Stone Group’s education customers are snapping up the new 802.11ac wireless standard, despite analyst claims to the contrary.
The firm says that English schools are bypassing old WiFi technology and refreshing their estate using the new standard ahead of the next school year, with one in four of its deployments based on the new standard.
This flies in the face of Gartner research concluding that just 8.9 per cent of deployments will be based on the standard this year, the firm claims.
One of its most recent wins is with Twickenham-based secondary school Orleans Park, which has started using a Cisco Meraki 802.11ac wireless network this month, to allow students and teachers to connect their own and the school’s devices to the web via its London Grid for Learning ISP.

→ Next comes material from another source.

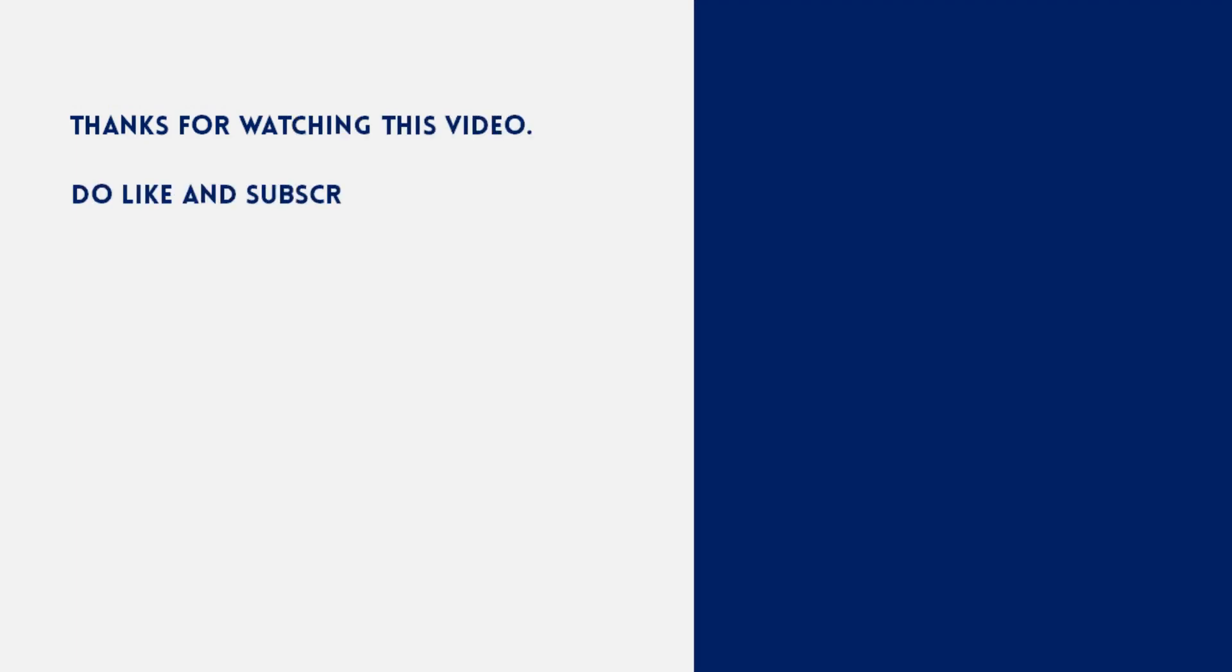Thanks for watching this video. Do like and subscribe to my channel.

Stone has installed 30 MR34 access points across the 70-room, 16 acre site, which includes outdoor areas such as playing fields.
Peter Richardson, senior IT technician at Orleans Park, said: “This is our first WiFi network and comes at a crucial time for us. Our sixth-form centre opens in September, and new students will be able to access their course materials, learning aids and engage with their teachers via the network. It’s incredibly fast, downloads files in seconds, and students can use their WEP keys to sign in. Learning is no longer classroom based here now, it can be anywhere on site, with no awkward bandwidth downtime.
“It has been a few days since I turned the network on, and already about one third of pupils are accessing it. We used a small pool of ICT students to test it, and since go-live, word of mouth has spread its popularity on campus. We think that within a couple of months, all students will be running two devices each over the WiFi. I don’t think this would have been possible if I’d chosen a less robust standard than 802.11ac,” he added.
Simon Harbridge, chief executive of Stone Group, said: “We supplied Orleans Park with their new Cisco Meraki network after a site visit to assess the school’s geography and infrastructure and plan the set-up. 802.11ac is remarkably quick WiFi and has the gigabit ethernet backup to be able to cope well with lots of data changing hands between students and the internet. It’s perfect for educative requirements and, judging by the sharp upswing we’re seeing in interest, many schools and colleges are seeing it as an essential investment when refreshing their tech estate ahead of the new academic year.”